→ TASK INSTRUCTIONS:
Give all of the data again exactly as written, omitting every image.

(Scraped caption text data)

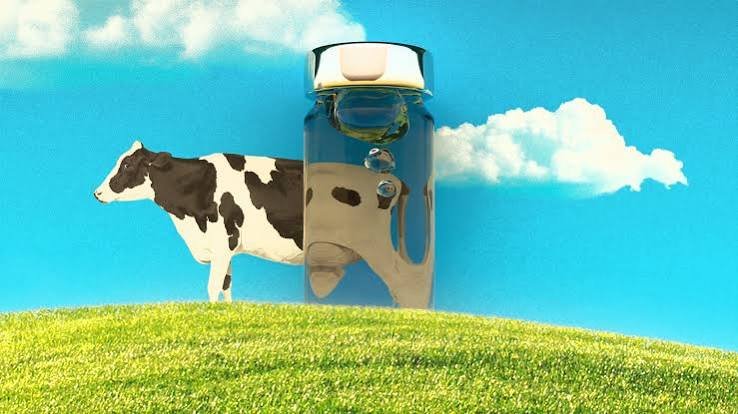 ArkeaBio Raises $15 Million to Advance Livestock Methane-Reduction Vaccine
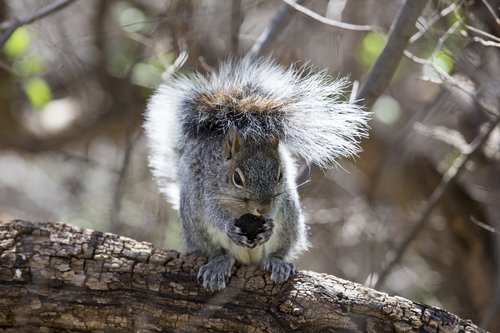 Arizona Gray Squirrel observed by stevenc22
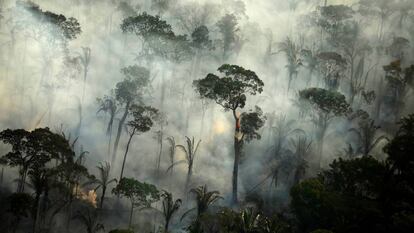 Amazônia em chamas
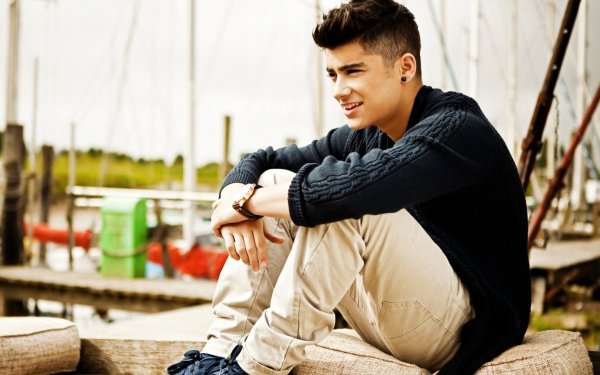One Direction Зейн
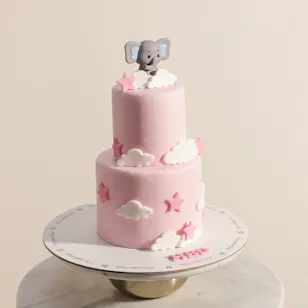 December Cake Elephant Two-Tier Pink Birthday Cake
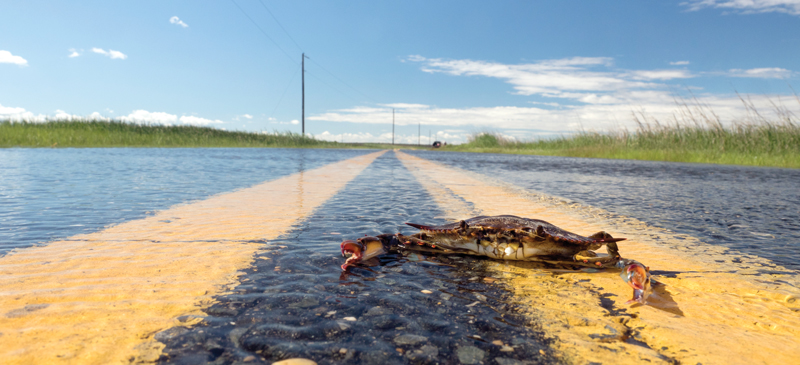 Photo of crab on wet road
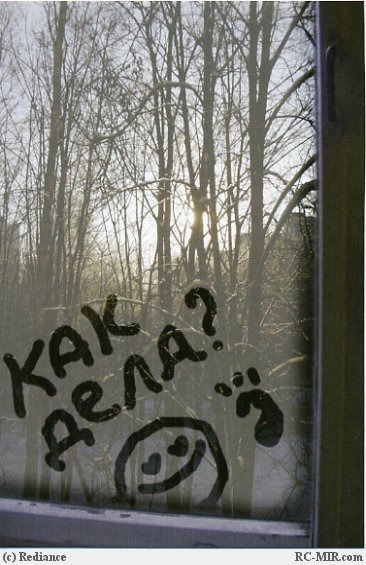 Марина Петухова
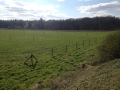 k-IMG_1866.JPG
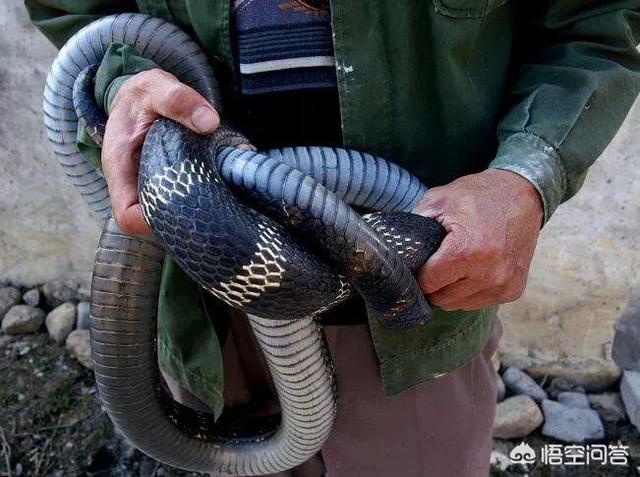 农村老人说,过山峰蛇偷吃鸡时,如果有人来就会把鸡吐出来,为什么?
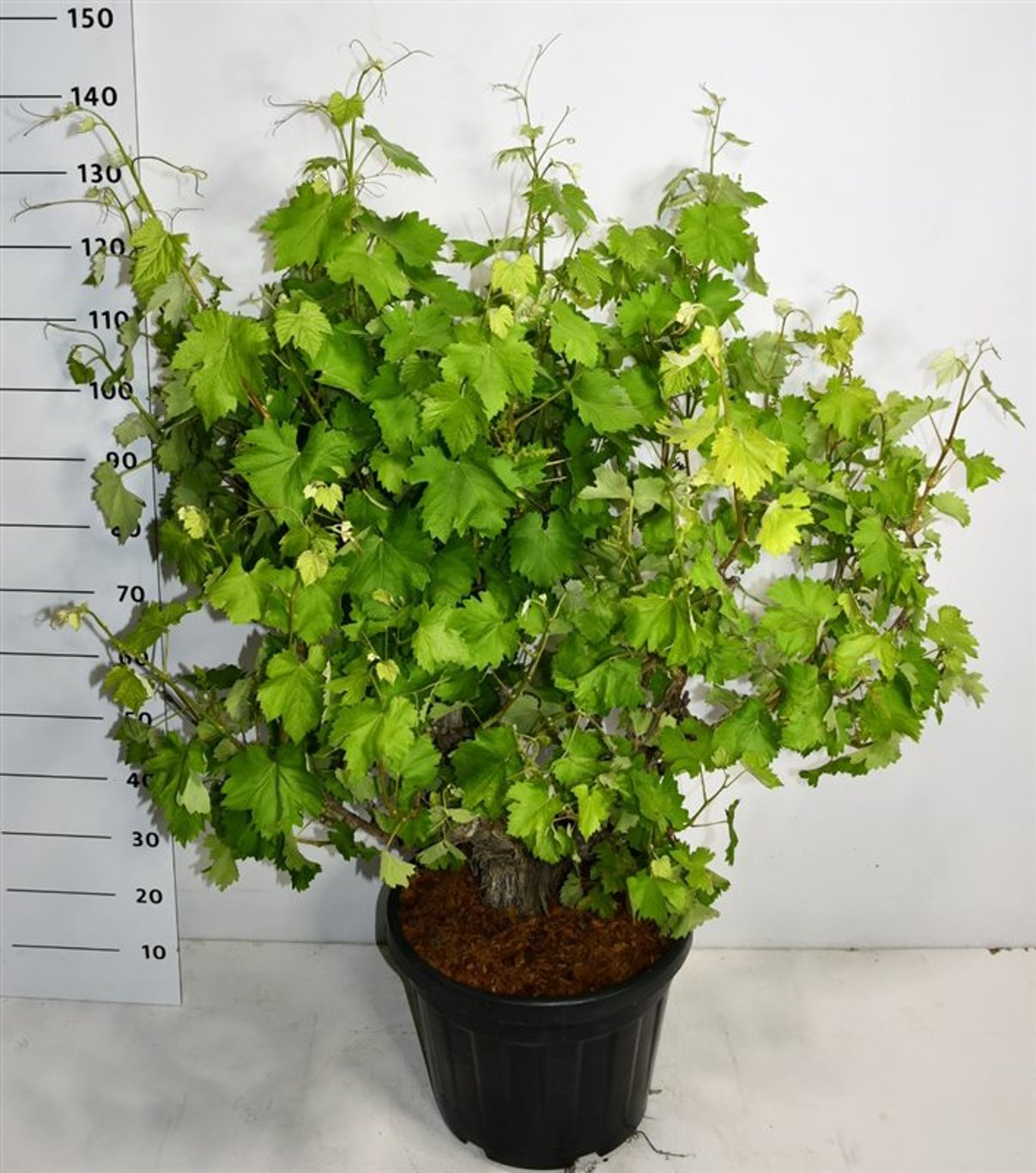 Vinranka – Vitis vinifera - C35 Bonsai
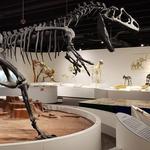 Panhandle-Plains Historical Museum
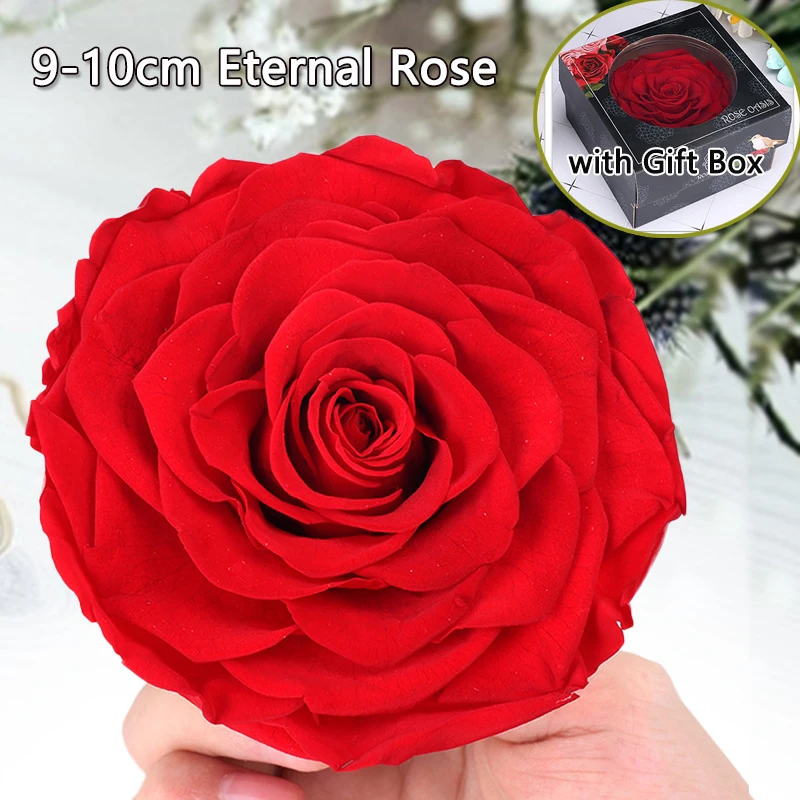 

High Quality Preserved Flowers Immortal Rose 9-10CM Diameter Dried Flower Red Eternal Rose Valentines Day Gift Box Wedding DIY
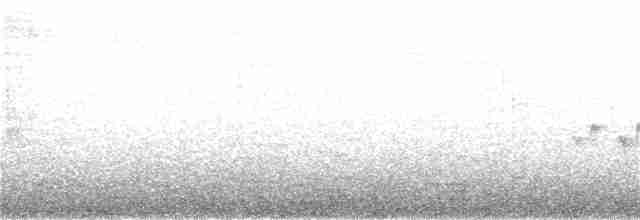 Black-eared Shrike-Babbler - ML317904651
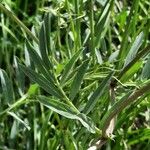 Vicia onobrychioides Lehti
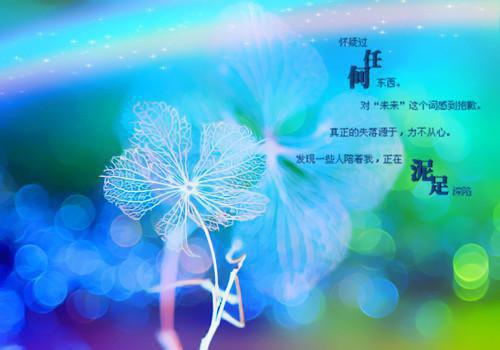 给老婆写一封情书
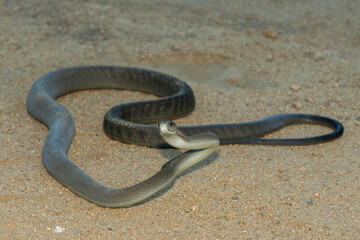 The highly feared black mamba (Dendroaspis polylepis), in a bushveld clearing in KwaZulu-Natal, South Africa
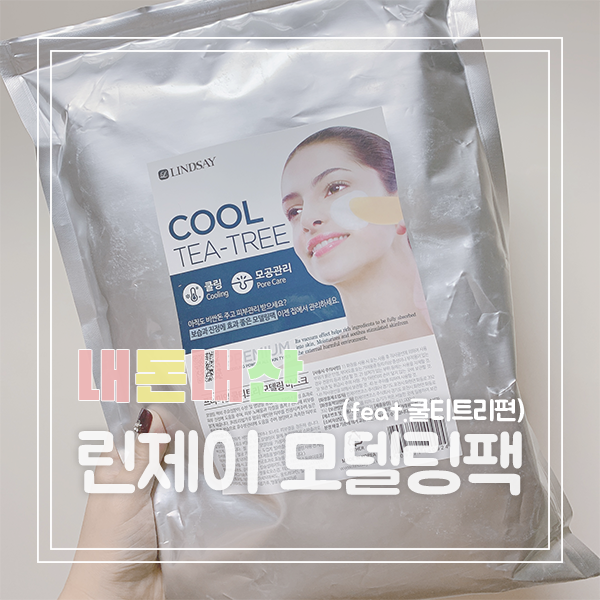  [리뷰] 린제이 모델링팩 : 모공관리 하기, 리얼 솔직 후기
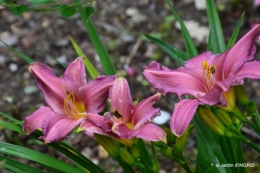 potager,chenille,pour le 18 juin,tour du jardin 040.JPG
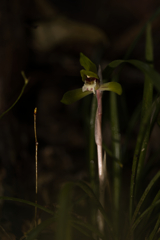 山野草+雨＋ストロボ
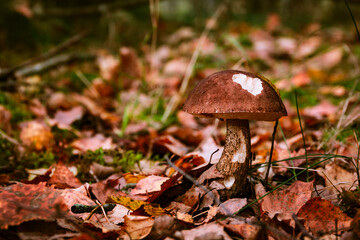 Boletus in the autumn forest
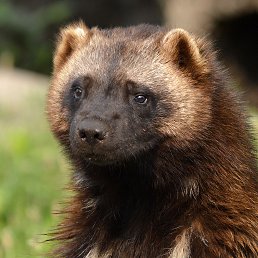 ���� ����, �����-���������, 73 ���� - ��������� 4 ������� 2025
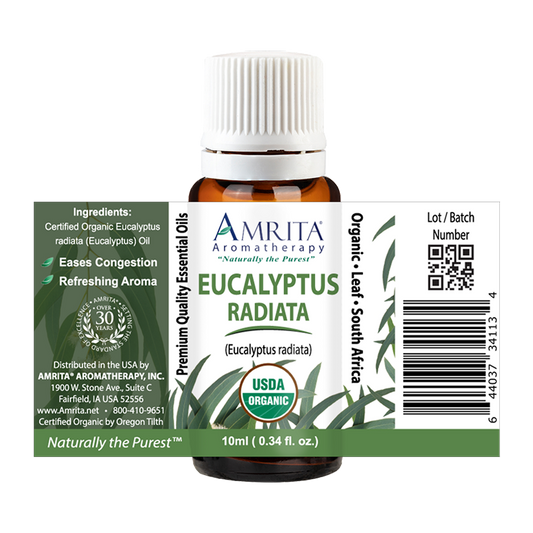 Amrita - Eucalyptus Radiata - 10ml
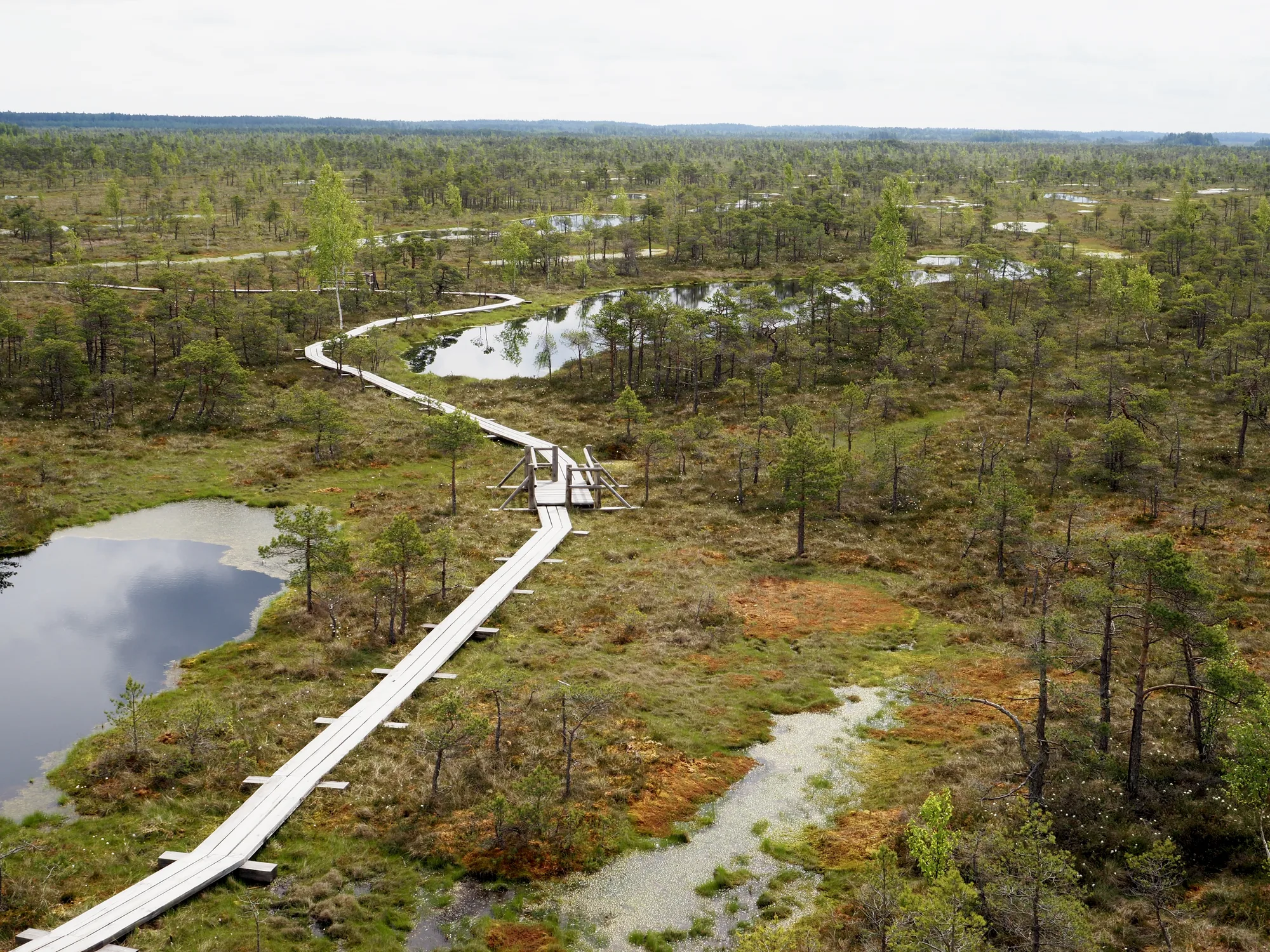 The winding wooden boardwalk through the Great Kemeri Bog, with bog pools and scattered pines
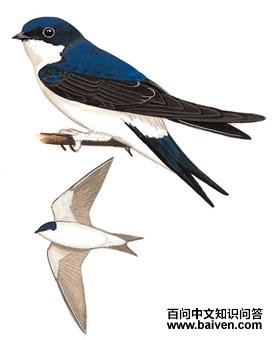 [�׸�]ë�����ͼ��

→ REPLY TO THE TASK:
 ArkeaBio Raises $15 Million to Advance Livestock Methane-Reduction Vaccine
 Arizona Gray Squirrel observed by stevenc22
 Amazônia em chamas
One Direction Зейн
 December Cake Elephant Two-Tier Pink Birthday Cake
 Photo of crab on wet road
 Марина Петухова
 k-IMG_1866.JPG
 农村老人说,过山峰蛇偷吃鸡时,如果有人来就会把鸡吐出来,为什么?
 Vinranka – Vitis vinifera - C35 Bonsai
 Panhandle-Plains Historical Museum

High Quality Preserved Flowers Immortal Rose 9-10CM Diameter Dried Flower Red Eternal Rose Valentines Day Gift Box Wedding DIY
 Black-eared Shrike-Babbler - ML317904651
 Vicia onobrychioides Lehti
 给老婆写一封情书
 The highly feared black mamba (Dendroaspis polylepis), in a bushveld clearing in KwaZulu-Natal, South Africa
  [리뷰] 린제이 모델링팩 : 모공관리 하기, 리얼 솔직 후기
 potager,chenille,pour le 18 juin,tour du jardin 040.JPG
 山野草+雨＋ストロボ
 Boletus in the autumn forest
 ���� ����, �����-���������, 73 ���� - ��������� 4 ������� 2025
 Amrita - Eucalyptus Radiata - 10ml
 The winding wooden boardwalk through the Great Kemeri Bog, with bog pools and scattered pines
 [�׸�]ë�����ͼ��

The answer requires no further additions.